Tag Archives: Nature Films

The Vanishing Prairie

Directed by James Algar
Produced by Ben Sharpsteen
Written by James Algar & Winston Hibler
Narrated by Winston Hibler
Editing by Lloyd L. Richardson
Release date(s) 17 August 1954
Running time 71 minutes
Country United States

The Vanishing Prairie is another of Walt Disney’s True Life Adventures that is contained on the Walt Disney Legacy Collection Volume 2, which I received for Christmas. A couple of days ago I made a post about the other full-length nature documentary contained on the DVD set, The Living Desert. Like its predecessor, The Vanishing Prairie won the Academy Award for best feature-length documentary.

I think I prefer this movie to The Living Desert, perhaps because this film does not focus so much on snakes (although a rattler does appear), spiders and insects. The Vanishing Prairie does have many memorable and enjoyable scenes such as the buffalo giving birth to a calf, the mountain lion cubs growing from kittens to teenagers and the lives of the prairie dogs, which face many dangers in their daily lives.

Paul Smith’s musical score plays a big part in the way that one feels about this movie and while it can be a little clichéd at times, I do think that it is brilliant too.

I think that the best way to treat this is as entertainment first and then as a nature documentary. When watching this film and The Living Desert I wondered to myself how much of the footage used was genuine and how much was set up or faked. Looking at the extras on the DVD set does give you the answers to this question though which made me quite disappointed, especially since one of the signature sequences of The Vanishing Prairie was faked according to Roy Disney. However there is still a lot of original stuff that they filmed on location and it is all quite fascinating. Still, this is very entertaining stuff which is a complete contrast to the nature documentaries that you see on TV today that I feel are very dry and at times boring.

Advertisements

The Living Desert

Directed by James Algar
Produced by Ben Sharpsteen
Written by James Algar, Winston Hibler
Narrated by Winston Hibler
Music by Paul J. Smith
Cinematography Robert H. Crandall, Paul Kenworthy
Editing by Norman R. Palmer
Distributed by Buena Vista Distribution
Release date(s) 10 November, 1953
Running time 69 minutes

Here is a different type of Disney movie from what I watched yesterday and something that was considered quite revolutionary at the time. Yes, The Living Desert is a nature documentary but it also came out in 1953, long before National Geographic Channel, Animal Planet, Jacques Cousteau and David Attenborough. This title won the Academy Award for best documentary and it is great viewing indeed.

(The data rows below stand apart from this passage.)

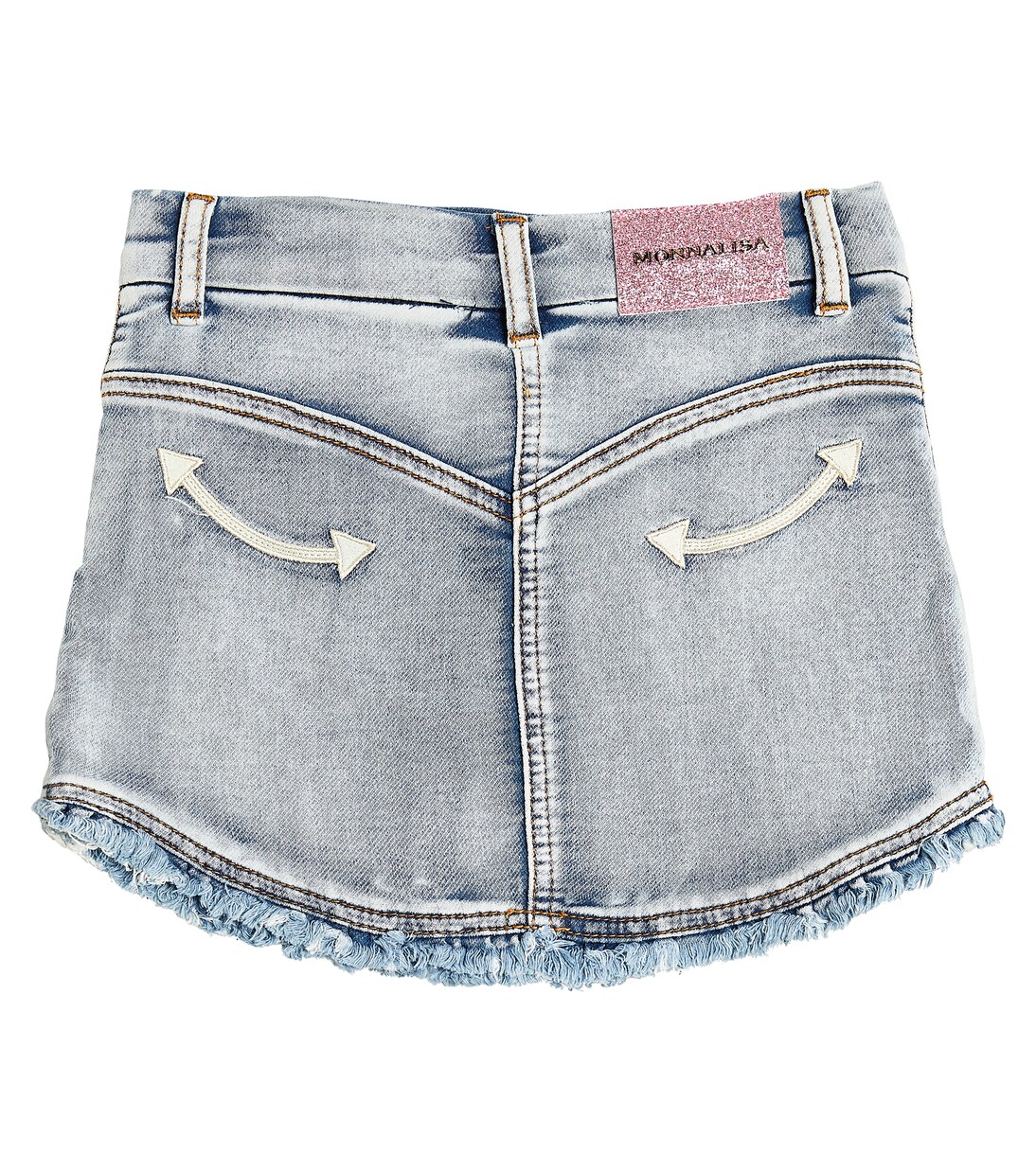Embroidered frayed denim skirt | Monnalisa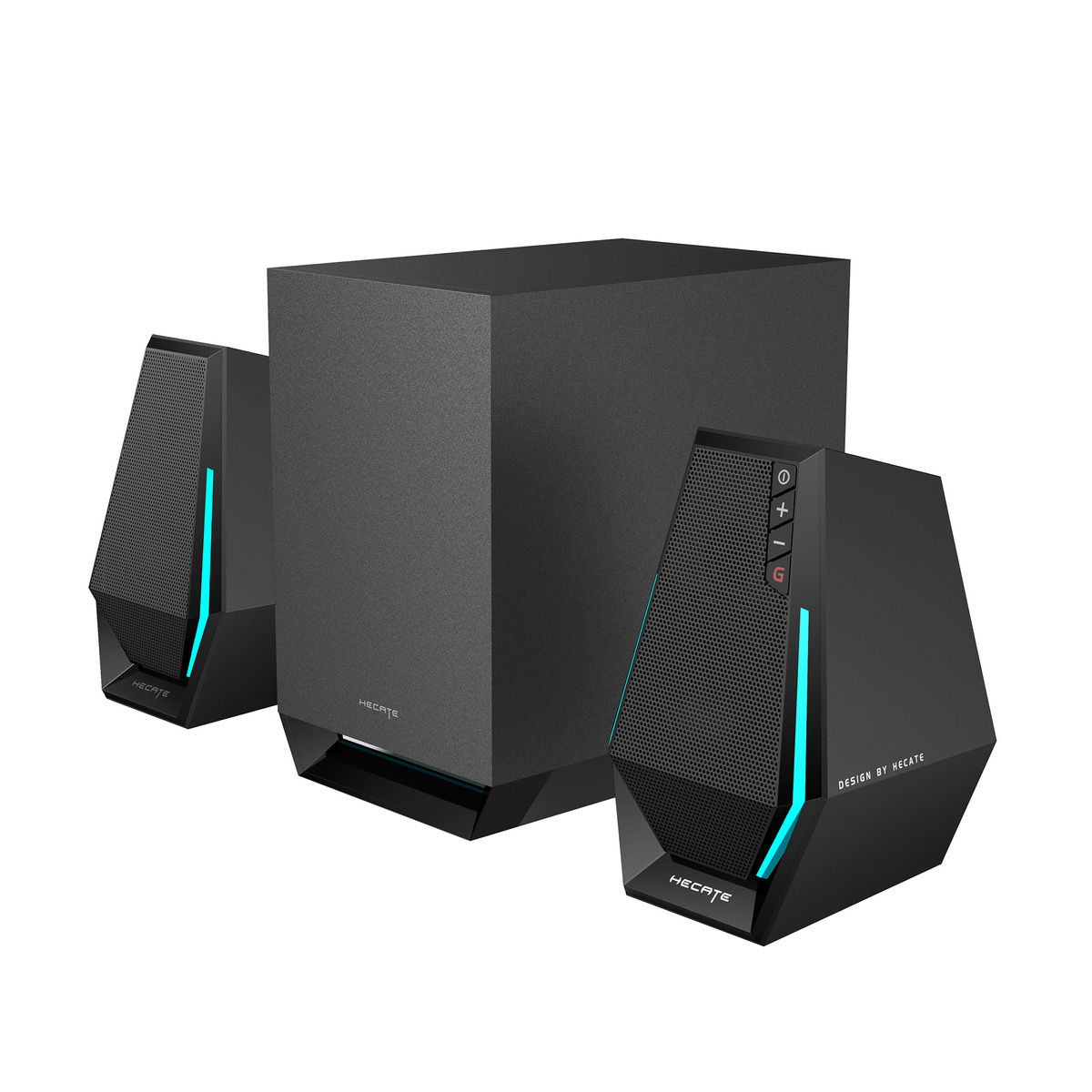 Czarny system głośników HECATE z subwooferem i dwoma głośnikami satelitarnymi, z niebieskimi akcentami LED. Widoczny napis Design by HECATE.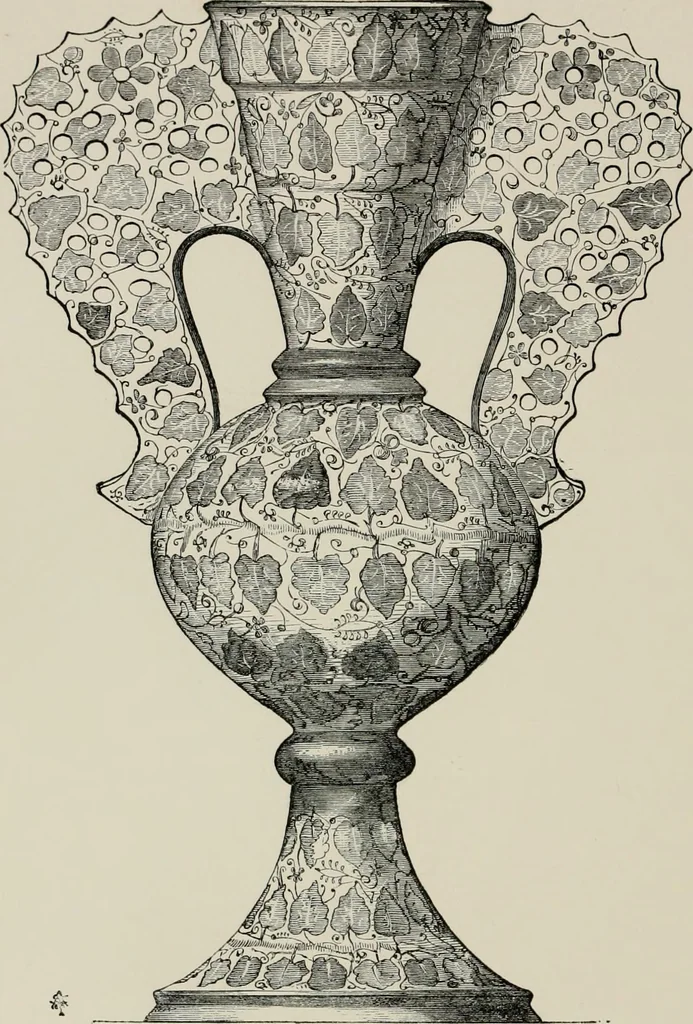 An illustration from A descriptive catalogue of the maiolica, Hispano-Moresco, Persian, Damascus, and Rhodian wares in the South Kensington Museum : with historical notes, marks, & monograms, 1873, leaf 182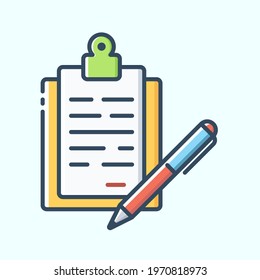 Clipboard with pen colored icon. Vector stylish flat illustrations on light blue background.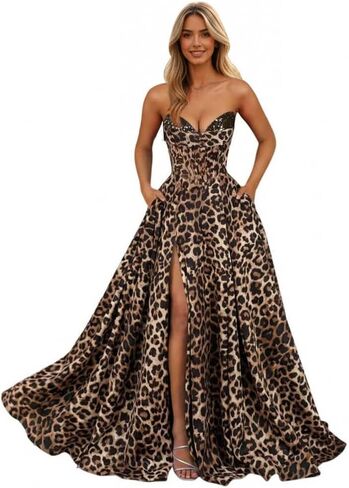 Strapless Satin Prom Dresses Long 2026 Sarin Corset Formal Evening Ball Gown with Slit in Saudi Arabia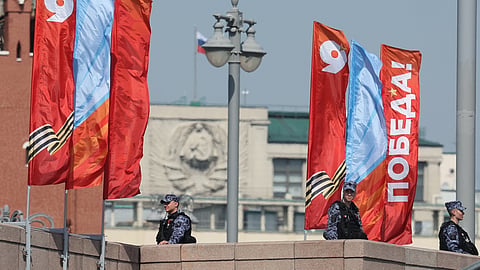 Segurança foi reforçada em Moscovo antes da parada deste sábado.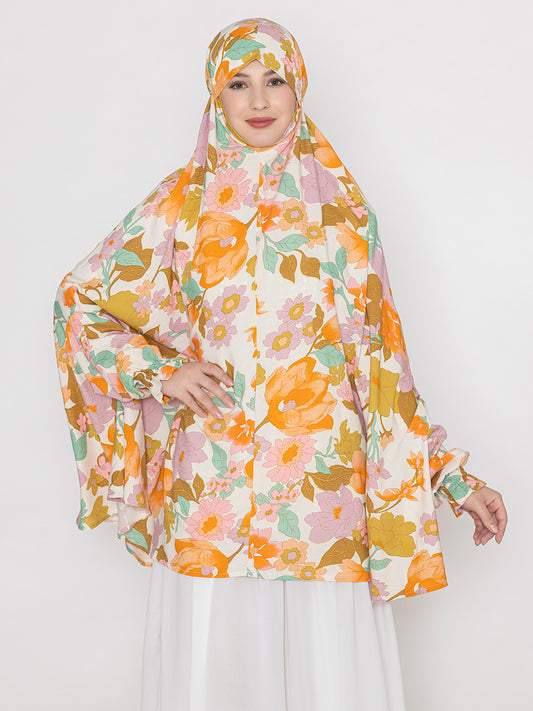 Floral Printed Namaz Makhna with Elasticated Sleeves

Unlike most of today’s nature documentaries The Living Desert never takes itself or its subjects too seriously. The main focus of the film is to entertain its audience while also educating them about life in the harsh desert environment of America. There are lots of memorable scenes, especially the sequence showing the mating ritual of the scorpions, as well as the battle between the tarantula and the wasp and the mating ritual of the desert tortoise. The Living Desert is a fascinating film that still is fun to watch today almost sixty years after its release.

One feature about the movie that was criticised for upon its release is the musical score by Paul Smith, which many thought was quite hokey and gives the film its lighthearted feel. I feel that the music is appropriate and is what separates a Disney production from any other nature film.

The Living Desert is featured on the Walt Disney Legacy Collection volume 2 which was released a couple of years ago. I actually received this as a Christmas present from my parents and for that I will be eternally grateful. Other Disney True Life Adventures are featured on the DVD set including The Vanishing Prarie which I will write up very soon.